▶ Work instruction
Copy nothing but the lines below running from the line containing "Burgherren Runde um die Burg Landskron" through the line containing "灵山县 榴莲苗水果苗蜜甜榴莲农业种植果苗", both end lines included.

▶ The input
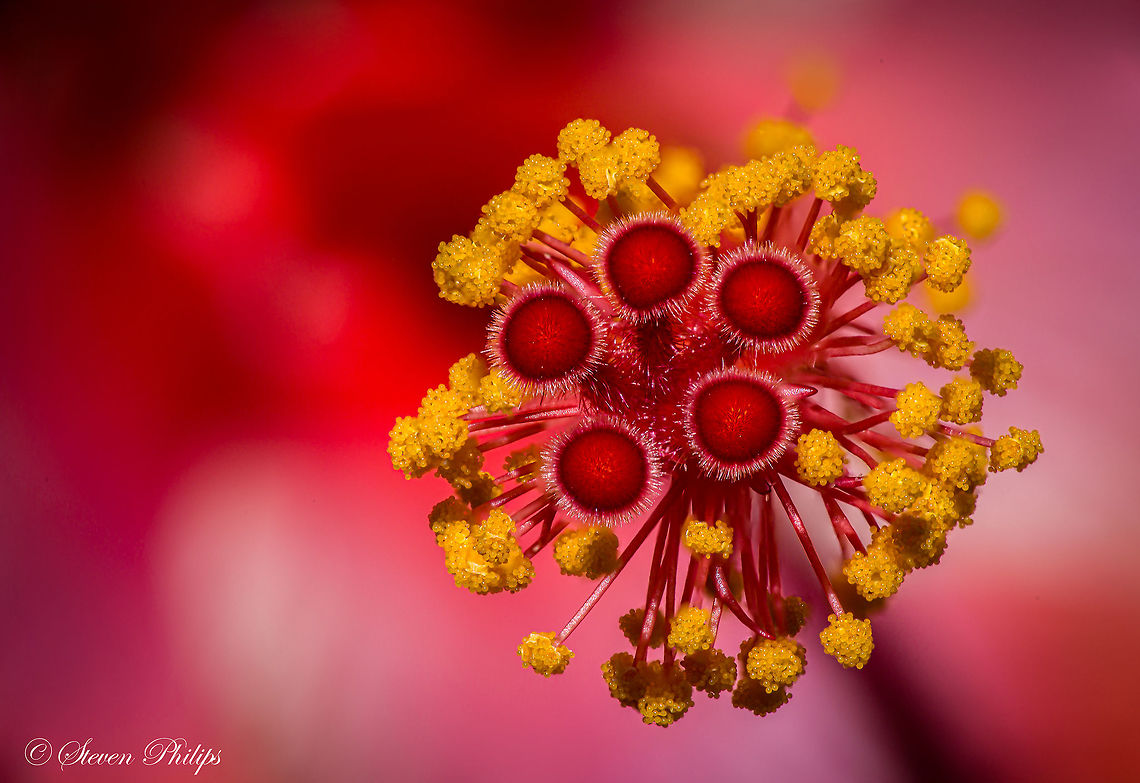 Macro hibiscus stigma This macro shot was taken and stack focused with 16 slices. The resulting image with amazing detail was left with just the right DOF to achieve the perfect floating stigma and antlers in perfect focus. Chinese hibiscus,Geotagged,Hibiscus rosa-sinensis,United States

==

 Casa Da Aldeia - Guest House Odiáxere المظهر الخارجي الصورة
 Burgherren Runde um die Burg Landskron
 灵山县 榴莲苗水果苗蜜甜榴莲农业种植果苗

==

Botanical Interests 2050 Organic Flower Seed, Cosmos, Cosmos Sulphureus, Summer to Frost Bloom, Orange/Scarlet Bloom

▶ Task solution
 Burgherren Runde um die Burg Landskron
 灵山县 榴莲苗水果苗蜜甜榴莲农业种植果苗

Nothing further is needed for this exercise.